Did you know that your muscle mass has a far greater effect on your overall health than just strength? Your muscle mass literally is an indicator of your potential longevity. Many think that muscle mass is just for vanity and those that want to lift heavy things.
An aging population and the rise of weight loss drugs has made muscle mass a much bigger issue. Weight loss drugs are mentioned not because they cause muscle loss directly but the magnitude or amount of weight lost. When someone loses a significant amount of weight 25-39% of that weight is muscle. Research has shown that strength or muscle mass is an indicator of your risk of all cause mortality. That means that the weaker or frailer you are the higher your risk of death from injury or disease.
Why are we so concerned about muscle? Skeletal muscle is the largest organ of our body by weight; it regulates 75% of the insulin-mediated glucose disposal in our body. This means it plays a huge role in glucose and fat metabolism, and muscle loss increases our risk of type 2 diabetes. This consumption of glucose (sugar) and fat means that it plays a significant role in metabolic rate or the rate and total number of calories burned per day. Basically, the more muscle you have the more calories you burn at rest.

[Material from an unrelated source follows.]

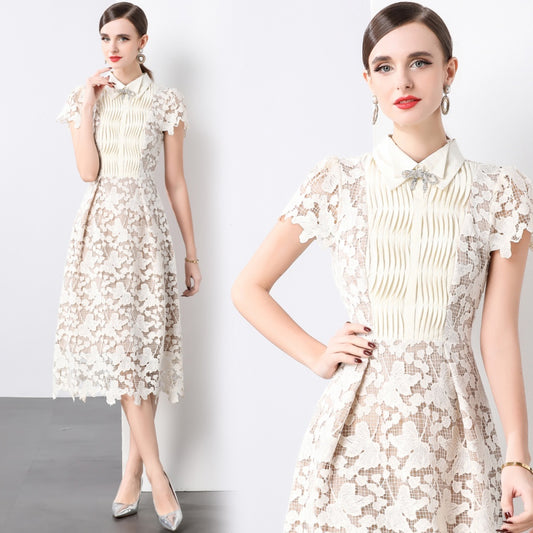 CM-DY032097 Women Elegant European Style Lace Bow Decor Collar Neckline Short Sleeve Slim Dress - Apricot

Therefore, more muscle helps you to burn more calories per day which helps keep your blood sugar, and lipid levels lower and keeps body fat lower which are all things that decrease risk of diabetes and heart disease.
The problem is that adults reach peak muscle mass between our 20s-40s, before it begins to decline. On average adults lose .5% of their skeletal muscle mass per year in their forties, 1-2% per year in their fifties, and approximately 3% per year after age 60. Without active dietary and exercise intervention this loss of muscle leads to frailty, increased falls, and loss of independence in older adults.
This muscle loss in not set in stone, you can make lifestyle changes and slow the muscle loss WAY down. Strength training can be added just three days a week and have a tremendous benefit to your health, longevity, mood, and independence. While it is never too late to start strength training, the earlier you start the better.